We represent banks, insurance companies and other financial institutions, as well as borrowers and guarantors.
We assist the above types of clients with their commercial and personal loan negotiation and documentation needs, as well as assisting them in their workout, collection and foreclosure matters.
Generally, the process begins with submitting a loan request to your banker or other lender. A loan officer or a loan committee of the bank or lender then evaluates your request and determines whether to approve it. During this time, the prospective borrower may try to negotiate more favorable loan terms. A lender may document its approval by issuing a formal commitment letter, which identifies the key terms of the loan.
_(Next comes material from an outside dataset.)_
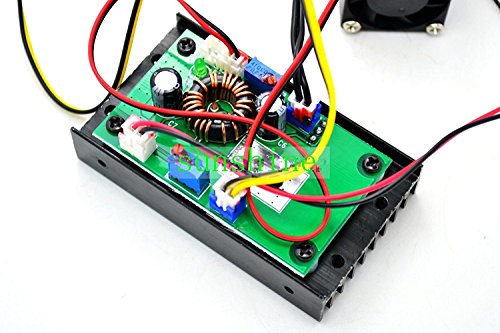 12V TTL High Power 450nm 4W 4000mw Adjustable Blue Laser Dot Module Engraver with Heatsink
Once approved, the bank or lender prepares the loan documents in conformance with the approval. Especially on larger transactions, these loan documents are reviewed and further negotiated by counsel for the bank and the borrower until definitive documents are executed. See the flowchart in the Interactive section.
Typically loans are evidenced by one or more promissory notes. For more complex transactions, a comprehensive loan agreement may also be required. If the loan is secured by assets of the borrower, then one or more security agreements may be prepared. If the loan is secured by real estate, then mortgages and assignments of rents are common. If the loan is to be guaranteed by a third party, then a formal guaranty document is often drafted.
The loan agreement generally contains the following components:
- Terms and Conditions of the Loan: a description of the terms and features of the loan such as type, size, interest rate, repayment and maturity.
- Borrower’s Representations and Warranties: factual matters relating to the borrower that the bank is relying on in making the loan.
- Affirmative and Negative Covenants: promises by the borrower to maintain certain aspects of its business operations or to refrain from doing something that would negatively impact its performance or credit quality.
- Conditions Precedent to Loan: a list of the events that must occur before the loan is funded.
- Events of Default: a list of events, such as failure to pay, that entitle the lender to declare the loan in default and exercise remedies.
- Remedies: describes what the lender can do upon the happening of an event of default, such as cease funding, contact borrower’s customers and foreclose its liens on collateral.
- Miscellaneous: sections providing for how notices are given, which law governs, who pays expenses, etc.
A security agreement evidences the borrower’s grant of a security interest in certain personal property of the borrower to secure the payment and performance of the loan from the lender. A security interest is an interest in personal property or fixtures which secures payment or performance of an obligation.
In Illinois, among other possible state and federal laws, secured transactions are governed by Article 9 of the Illinois Uniform Commercial Code (“UCC”), 810 ILCS 5/9-101 et seq.
The following three conditions must be satisfied before an enforceable security interest attaches to the borrower’s property and the property becomes collateral for the loan:
- The borrower must own or have sufficient rights in the collateral being pledged.
- Except for particular types of property, the borrower must “authenticate” (i.e., manually sign) a security agreement. Prudent lenders generally require a security agreement be authenticated by the borrower in all cases where personal property is pledged as collateral.
- The lender must give “value” for the borrower’s pledge or grant of the security interest, such as by loaning money.
Business owners are frequently required to personally guarantee the payment and performance by the business of its loan. A guarantor is expected to comply with the terms and conditions of whatever guaranty he or she signed. Typically, a lender will look to the guarantor for payment if the business defaults. The guaranty may provide for the guarantor to guarantee a specific loan or any and all debt owed by the business to the lender.
A guaranty may be limited as to time or amount. For example, the guarantor may only be asked to guarantee the repayment of a portion of the principal amount of the loan plus interest, fees and costs of the lender. This is more favorable for guarantors than unlimited guaranties, which bind the guarantor to repay all amounts due and owing in connection with the loan and/or other indebtedness owed to the lender.